Le gisement local se lit dans les mêmes données : 162 diagnostics publiés pour 1 000 résidences principales, environ 299 logements occupés par leur propriétaire, un bassin de travaux structuré autour de CA du Bassin d'Aurillac. Ce volume ne préjuge d'aucune éligibilité individuelle : il indique seulement où se concentrent, à Crandelles, les situations où le scénario décrit sur cette page a le plus de chances d'être pertinent.
Ce que vérifie l'instructeur avant de payer à Crandelles : que les critères de décence et un engagement de loyer maîtrisé figure au devis, que un opérateur agréé par l'Anah soit qualifié RGE à la date de signature, et que le constat de décence après travaux soit joint.
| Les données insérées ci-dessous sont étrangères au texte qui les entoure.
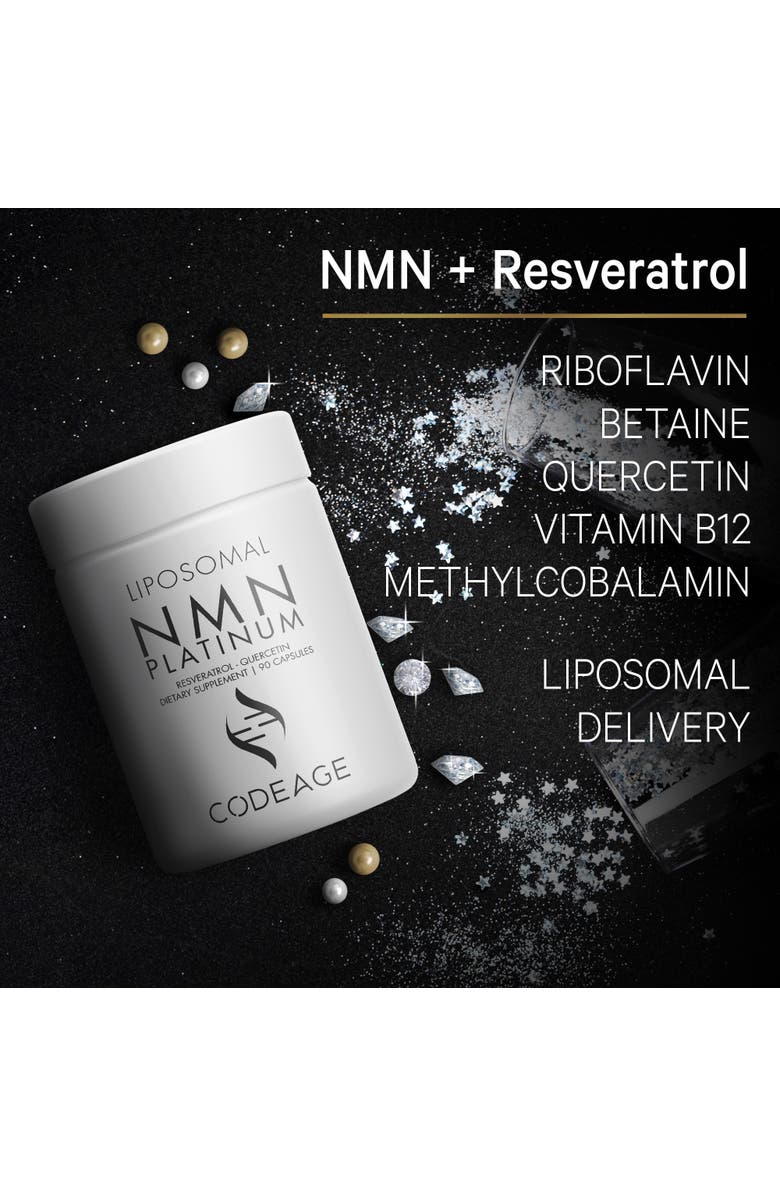 Codeage Liposomal NMN Supplement, NAD precursor, Resveratrol, Betaine, Riboflavin & B12, Quercetin, 90 ct, Alternate, color,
À la clé, un solde pouvant atteindre 32 000 €.
Sur le cas type retenu à Crandelles — 115 m² en zone H1c — la remise à niveau d'un logement mis en location porte sur environ 160 logement du parc locatif. Au prix de marché observé, 22 000 à 45 000 € par logement du parc locatif, le poste ressort entre 3 520 000 € et 7 200 000 € TTC, à comparer à l'assiette plafonnée de 40 000 € HT mobilisable dès trois classes gagnées.
Périmètre de consultation conseillé pour la remise à niveau d'un logement mis en location : Cantal. Les entreprises RGE y interviennent couramment à Crandelles, et l'écart de prix entre la première et la troisième offre dépasse fréquemment 20 % à prestation identique.
Solde du dossier à Crandelles : la pièce déterminante est le constat de décence après travaux. Sans elle, aucun versement, alors même que l'aide en jeu atteint 32 000 € au taux le plus favorable sur une assiette de 40 000 € HT.
À l'échelle intercommunale, à Crandelles relève de CA du Bassin d'Aurillac. Les permanences France Rénov' de ce périmètre instruisent les demandes portant sur la remise à niveau d'un logement mis en location et recensent les aides locales cumulables, qui viennent en déduction du reste à charge calculé plus haut.
Le palier de classes se calcule avant de signer : à Crandelles, l'assiette double presque entre le scénario à deux classes (30 000 € HT) et celui à trois (40 000 € HT). Sur un poste de 5 360 000 € comme le logement loué, cet écart justifie souvent d'ajouter un lot plutôt que de s'arrêter au minimum.
L'écart entre profils est considérable à Crandelles : 32 000 € pour un ménage très modeste contre 4 000 € pour un ménage aux revenus supérieurs, sur la même assiette de 40 000 € HT. Pour la remise à niveau d'un logement mis en location, le montage financier n'a donc rien de commun d'un foyer à l'autre.